*** MATERIAL FOR THE TASK
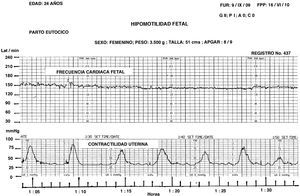 El registro de la FCF sin variabilidad es frecuente cuando existe hipomotilidad, el feto duerme y sus músculos están relajados el consumo de oxígeno es menor.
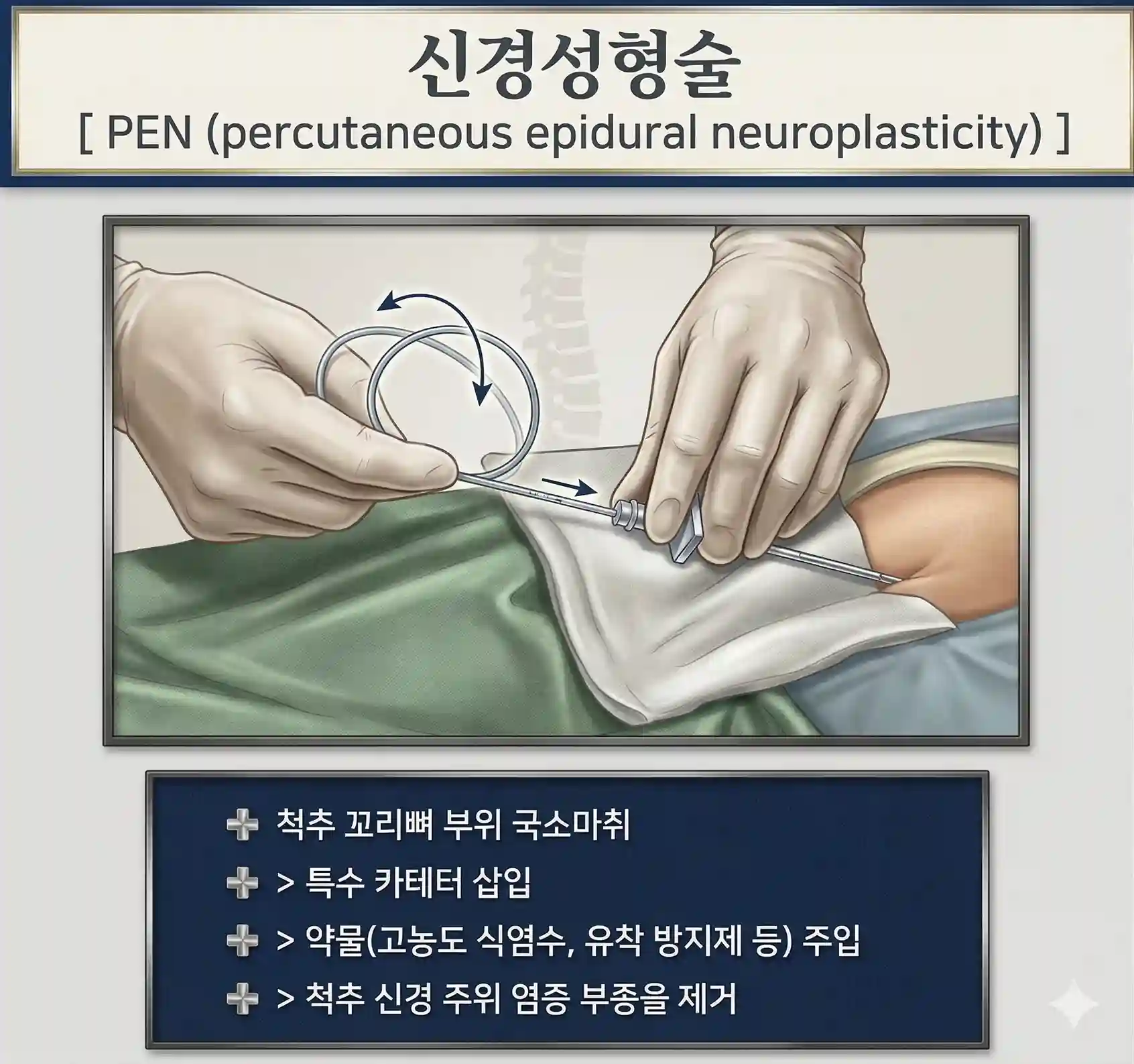 신경성형술 PEN (percutaneous epidural neuroplasticity)이라는 텍스트와 함께 척추 꼬리뼈 부위 국소마취 후 특수 카테터를 삽입하여 약물을 주입하고 염증 부종을 제거하는 시술 과정을 전문적으로 설명하는 일러스트가 담긴 대표 이미지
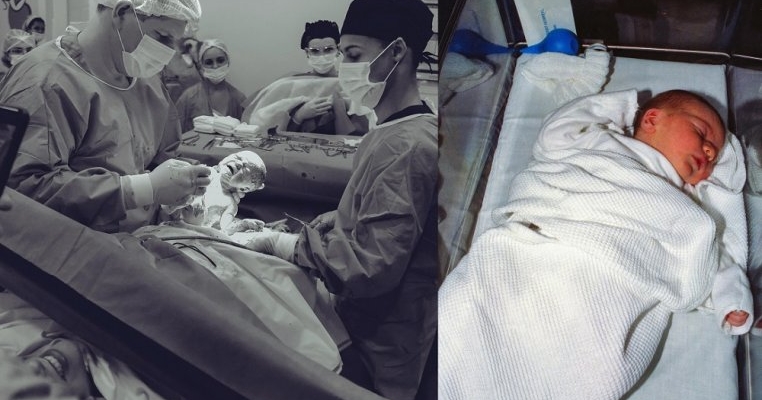 Am vrut să nasc normal dar nu am putut. Medicul a încercat să scoată copilul cu forcepsul și când a văzut ca nu reușește, i-a împins căpșorul înapoi și m-a operat de urgență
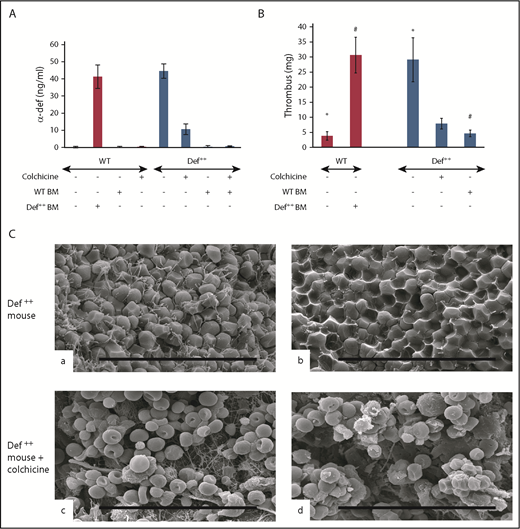 Figure 6. Phenotypic reversion by preventing release of α-defs. (A) Effect of colchicine and BMT on plasma α-defs. Def++ mice were given colchicine or saline in their drinking water for 2 weeks. A second cohort of WT mice underwent BMT from Def++ mice that received either colchicine or saline for 2 weeks. Plasma α-Def-1 was measured by ELISA. Results shown are the mean ± SD in 13 mice. (B) Effect of colchicine and BMT on thrombus development in Def++ mice. IVC stenosis was induced in Def++ mice given colchicine or saline in their drinking water and in Def++ and WT mice after BMT as described in panel A. Thrombus weight was measured as in Figure 4. The mean ± SD in 11 mice is shown (* and #, P < .05). (C) Effect of colchicine on IVC structure in Def++ mice. Scanning electron microscopy images of the surface (a and c) and interiors (b and d) of thrombi extracted from untreated Def++ mice (a and b) and Def++ mice given colchicine (c and d) are shown. Scale bars, 30 μm.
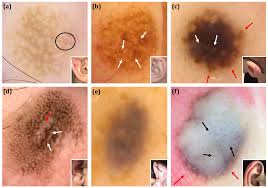 Image result for Dermoscopy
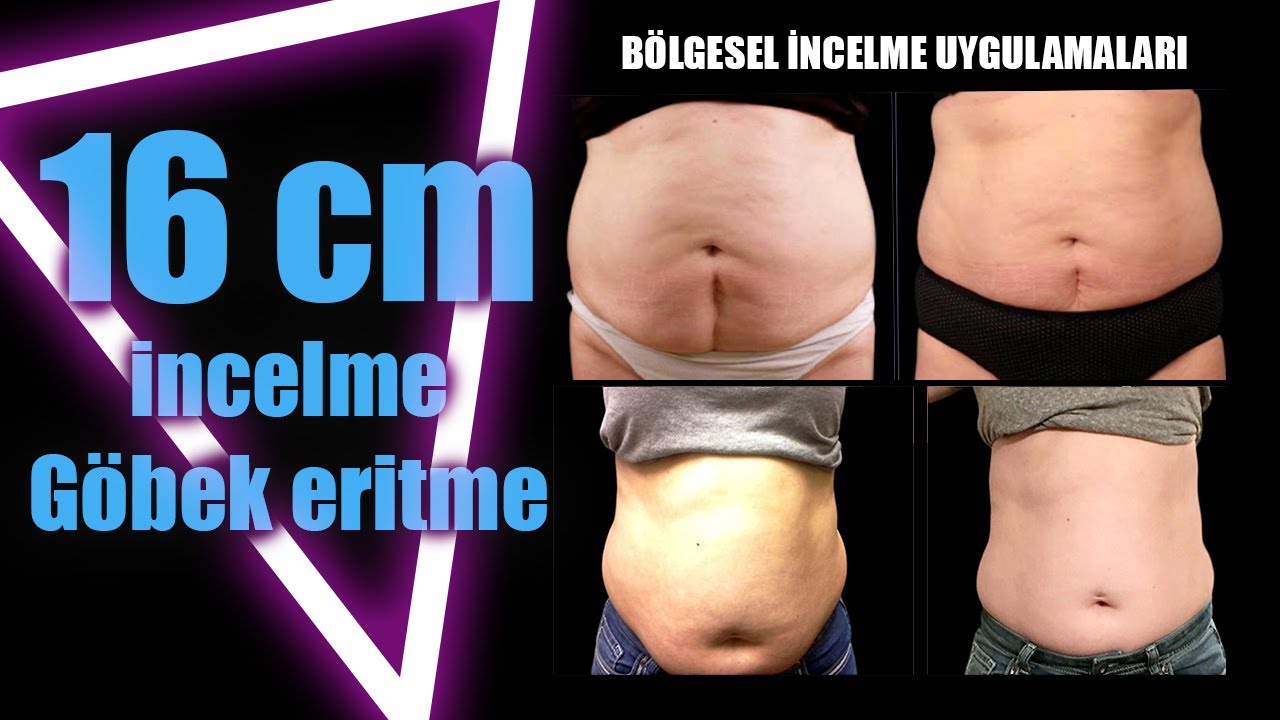 HIZLI GÖBEK ERİTME | Basen Küçültme | Bölgesel İncelme Uygulamaları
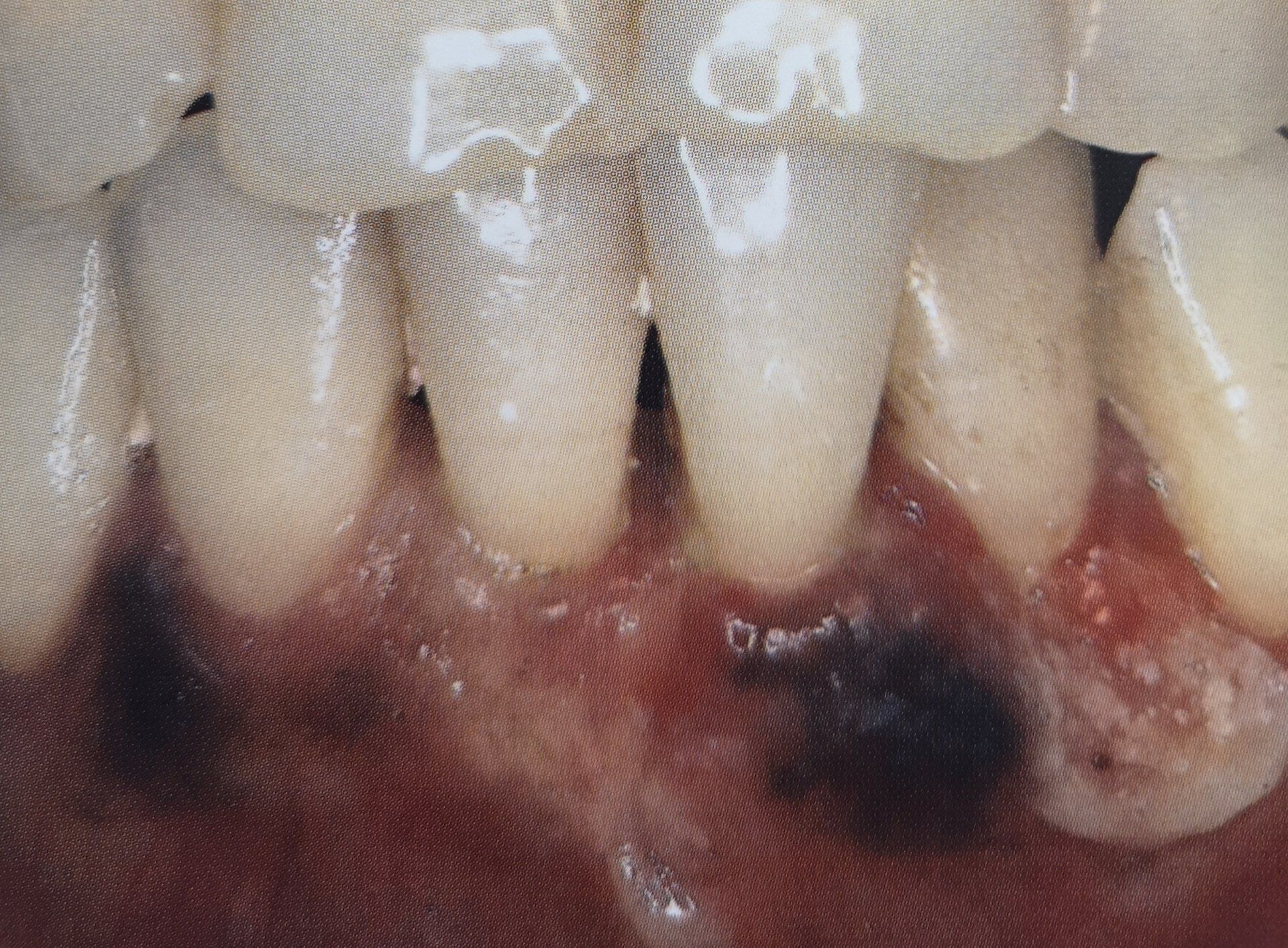 Primo piano di denti e gengive infiammate con una vasta area scura e scolorita vicino ai denti inferiori, probabilmente una crescita o una lesione.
******
The expected answer is the complete set of entries, copied verbatim, with no pictures.

# [RESPONSE AREA]
 El registro de la FCF sin variabilidad es frecuente cuando existe hipomotilidad, el feto duerme y sus músculos están relajados el consumo de oxígeno es menor.
 신경성형술 PEN (percutaneous epidural neuroplasticity)이라는 텍스트와 함께 척추 꼬리뼈 부위 국소마취 후 특수 카테터를 삽입하여 약물을 주입하고 염증 부종을 제거하는 시술 과정을 전문적으로 설명하는 일러스트가 담긴 대표 이미지
 Am vrut să nasc normal dar nu am putut. Medicul a încercat să scoată copilul cu forcepsul și când a văzut ca nu reușește, i-a împins căpșorul înapoi și m-a operat de urgență
 Figure 6. Phenotypic reversion by preventing release of α-defs. (A) Effect of colchicine and BMT on plasma α-defs. Def++ mice were given colchicine or saline in their drinking water for 2 weeks. A second cohort of WT mice underwent BMT from Def++ mice that received either colchicine or saline for 2 weeks. Plasma α-Def-1 was measured by ELISA. Results shown are the mean ± SD in 13 mice. (B) Effect of colchicine and BMT on thrombus development in Def++ mice. IVC stenosis was induced in Def++ mice given colchicine or saline in their drinking water and in Def++ and WT mice after BMT as described in panel A. Thrombus weight was measured as in Figure 4. The mean ± SD in 11 mice is shown (* and #, P < .05). (C) Effect of colchicine on IVC structure in Def++ mice. Scanning electron microscopy images of the surface (a and c) and interiors (b and d) of thrombi extracted from untreated Def++ mice (a and b) and Def++ mice given colchicine (c and d) are shown. Scale bars, 30 μm.
 Image result for Dermoscopy
 HIZLI GÖBEK ERİTME | Basen Küçültme | Bölgesel İncelme Uygulamaları
 Primo piano di denti e gengive infiammate con una vasta area scura e scolorita vicino ai denti inferiori, probabilmente una crescita o una lesione.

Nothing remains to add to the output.